Bridging Machine Learning and Thermodynamics for Accurate p K a Prediction

Affiliations

Bridging Machine Learning and Thermodynamics for Accurate p K a Prediction

Weiliang Luo et al. JACS Au. .

Abstract

Integrating scientific principles into machine learning models to enhance their predictive performance and generalizability is a central challenge in the development of AI for Science. Herein, we introduce Uni-pK a, a novel framework that successfully incorporates thermodynamic principles into machine learning modeling, achieving high-precision predictions of acid dissociation constants (pK a), a crucial task in the rational design of drugs and catalysts, as well as a modeling challenge in computational physical chemistry for small organic molecules.

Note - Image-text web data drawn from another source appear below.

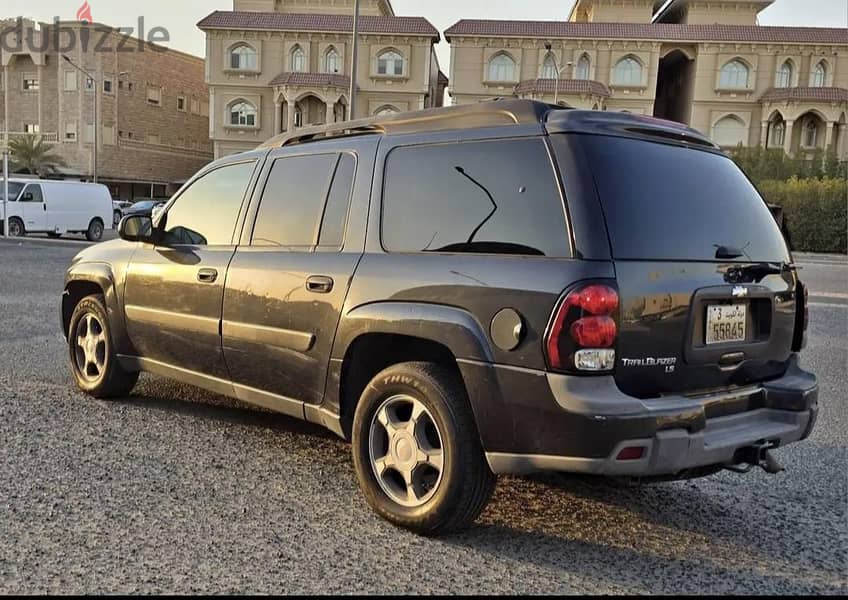 Chevrolet Trailblazer 2005 XL 1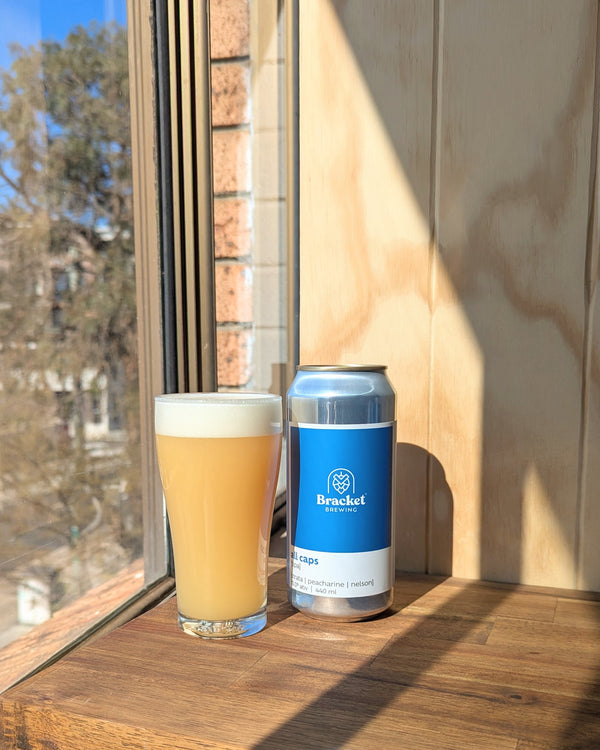 all caps | tipa | 5th bday release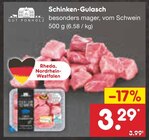 Schinken-Gulasch Angebote von Gut Ponholz bei Netto Marken-Discount Siegen für 3,29 €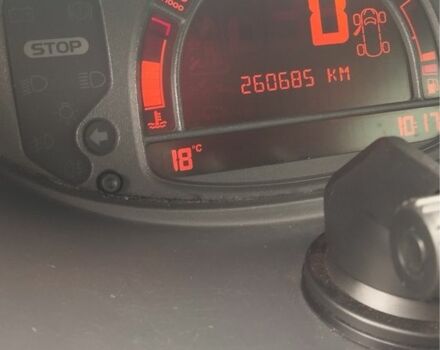 Чорний Рено Модус, об'ємом двигуна 1.1 л та пробігом 260 тис. км за 3100 $, фото 6 на Automoto.ua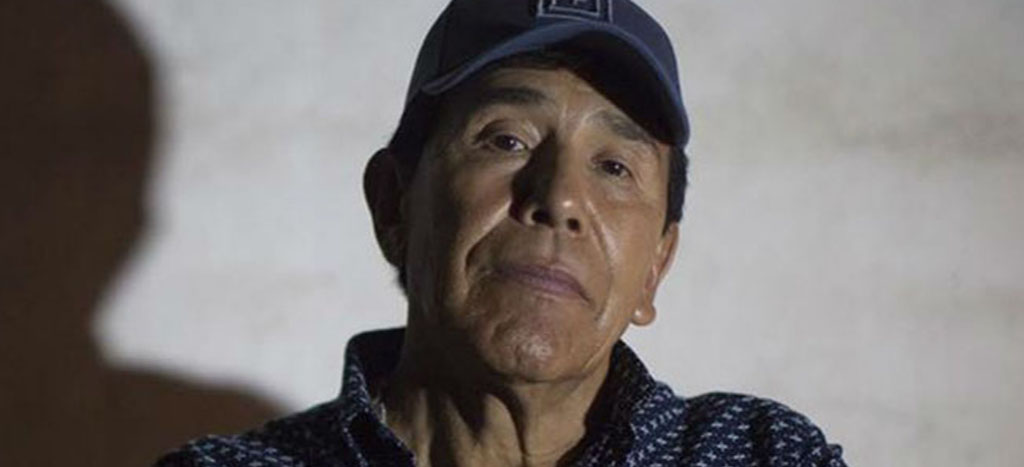 Caro Quintero fue capturado en Choix, Sinaloa: Semar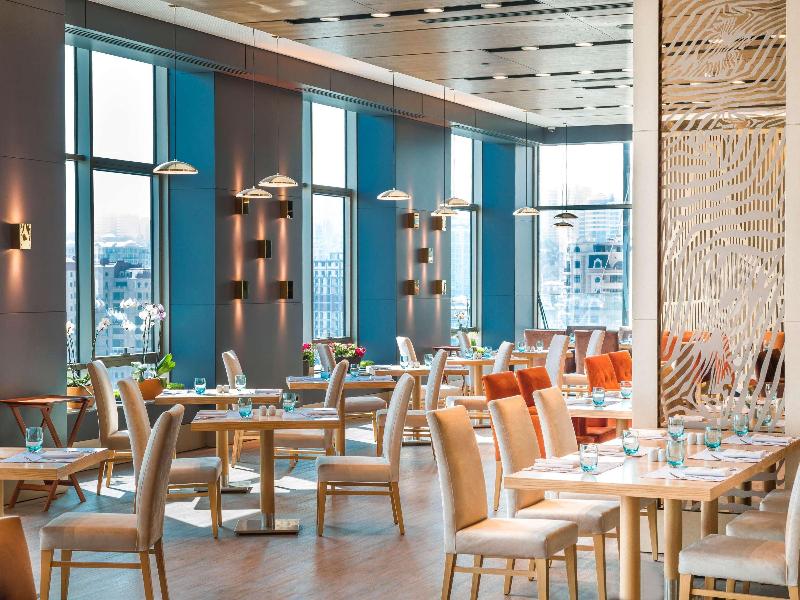 Movenpick Winter Park Baku - Restoran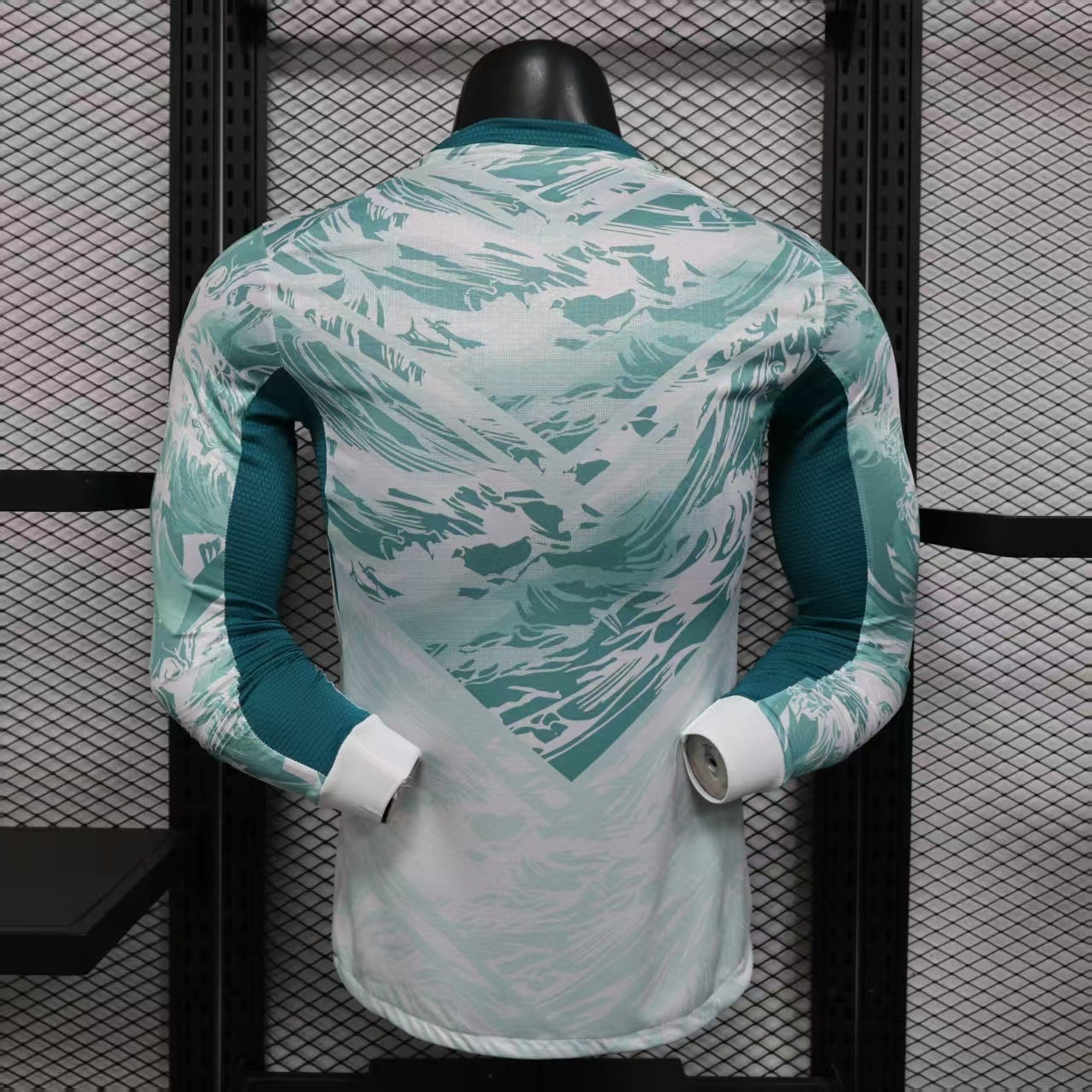 2026 Portugal Away Kit Long Sleeve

Uni-pK a utilizes a comprehensive free energy model to represent molecular protonation equilibria accurately. It features a structure enumerator that reconstructs molecular configurations from pK a data, coupled with a neural network that functions as a free energy predictor, ensuring high-throughput, data-driven prediction while preserving thermodynamic consistency. Employing a pretraining-finetuning strategy with both predicted and experimental pK a data, Uni-pK a not only achieves state-of-the-art accuracy in chemoinformatics but also shows comparable precision to quantum mechanics-based methods.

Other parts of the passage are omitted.